The other block, bounded by Druid Park Lake Drive, McCulloh Street, Cloverdale Road and Madison Avenue, is occupied by a small outpost of the city's Department of Recreation and Parks offices. That's a gross underutilization for a parcel at the primary gateway of Druid Hill Park. Rec and Parks no doubt uses it only because it's there.

A third slender block between these two is occupied by basketball courts, which seems to be an odd use and not very convenient to the nearby communities or the rest of the park. However, they are otherwise lacking in recreational facilities and it's not critical to new development.

Existing traffic lanes through "Reserdawmin Hill": Reservoir Hill is to the lower right. Mondawmin is to the left. Druid Hill Park is to the top. Rec and Parks office in the little house on the right block.
 Basketball courts on the lower block. Snarling intersection on the upper block.

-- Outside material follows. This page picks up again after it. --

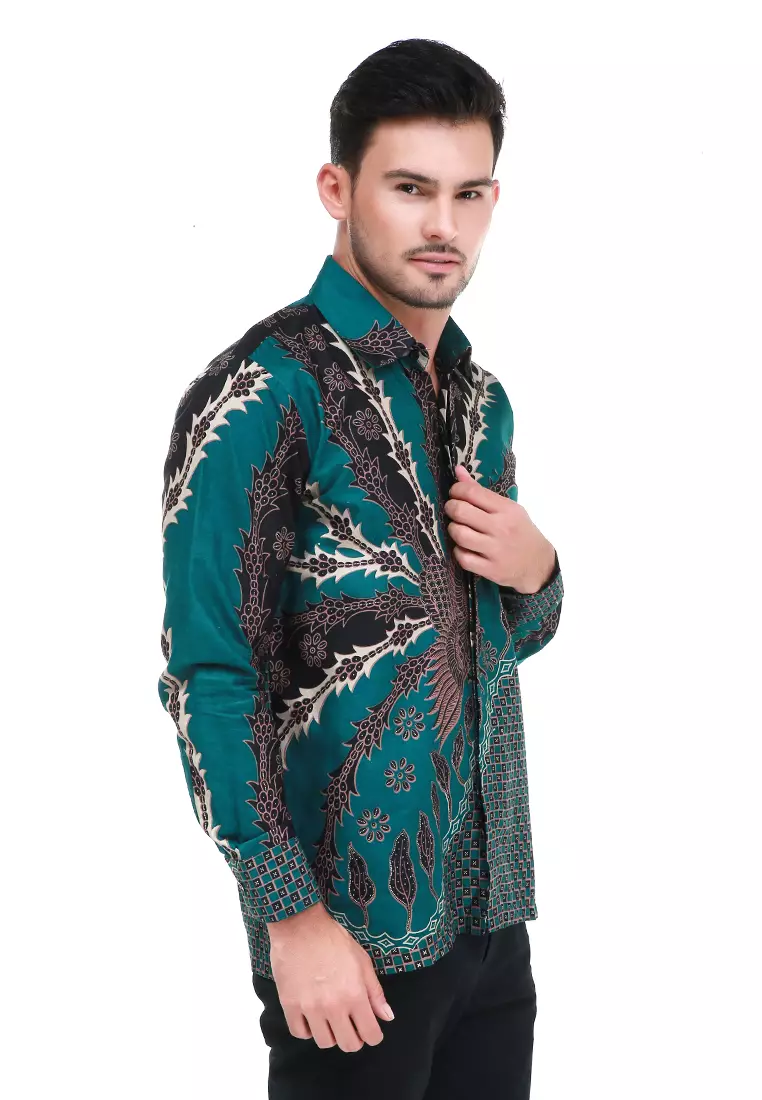 Dwan Kemeja Batik Pria Manuk Catur Atasan Formal Longsleeve Shirt Material Cotton ORIGINAL - Green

The traffic flow at this sprawling intersection is grossly imbalanced. Southbound flow is actually very efficient, comprised of three traffic lanes. The right lane flows thru into Druid Hill Avenue, the left lane turns left into eastbound Druid Park Lake Drive, while the center lane has a choice of either direction (for drivers who aren't quite sure where they're going).

In contrast, northbound flow is a giant mess. It's seven lanes in all, with enough pavement for an eighth or even a ninth lane, both of which had to be hashed out because there's no room for those lanes to go. It's an orgy of asphalt. Five of the seven lanes merge into northbound McCulloh Street, which eventually changes names again to Auchentoroly or Swann or Swan. Madison Avenue becomes a different Swann in the park. An "Ugly Duckling" turning into a Swann? The street names are almost as confusing as the streets themselves.

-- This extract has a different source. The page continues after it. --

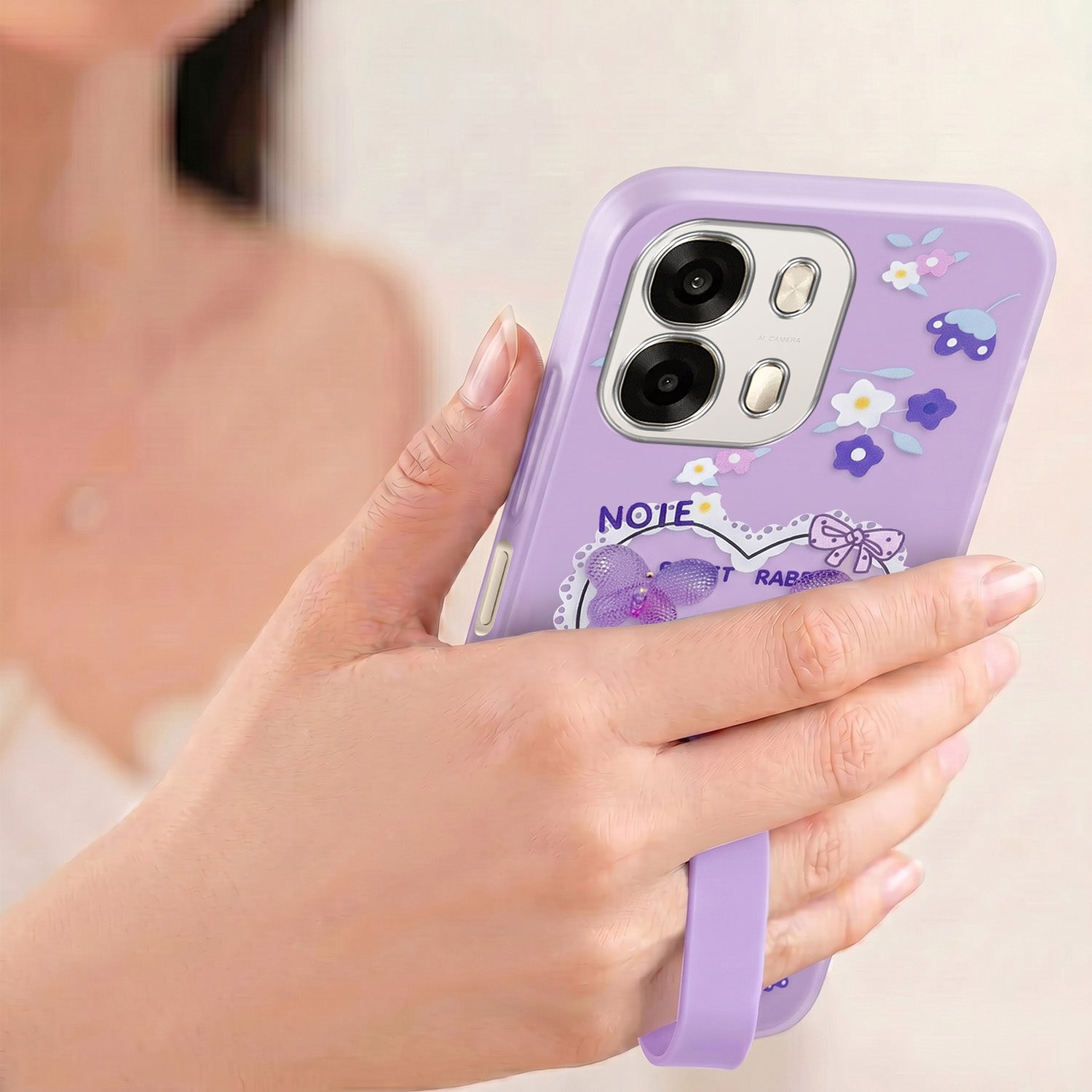 For Oppo A6 Pro Back Cover Case (3D Cute Heart Strap Holder | Camera Protection | Designer Girls Print)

Merging zones like this belong on Interstate highways, not city streets. The merges beg aggressive motorists to go faster and faster. But the merge point is at the exact location of the pedestrian crosswalk into the park, instilling a helpless feeling on anyone attempting to cross.

All this was in fact originally designed to resemble an Interstate highway, or at least to transition into one. Interstate 795, built in the 1980s from the Beltway outward toward Owings Mills, was originally (in the 1950s) supposed to proceed inward into the city along what later became the Wabash Avenue corridor, then proceed further to the Park Circle area, and then into this web of traffic lanes here along the edge of Druid Hill Park.

The two remaining lanes of the seven are directed to turn left into Fulton Avenue. This is OK, but the lanes take up a lot of space because they are segregated from the rest of the traffic, which also means motorists are screwed if they don't get in the proper lane two blocks in advance near Madison Avenue.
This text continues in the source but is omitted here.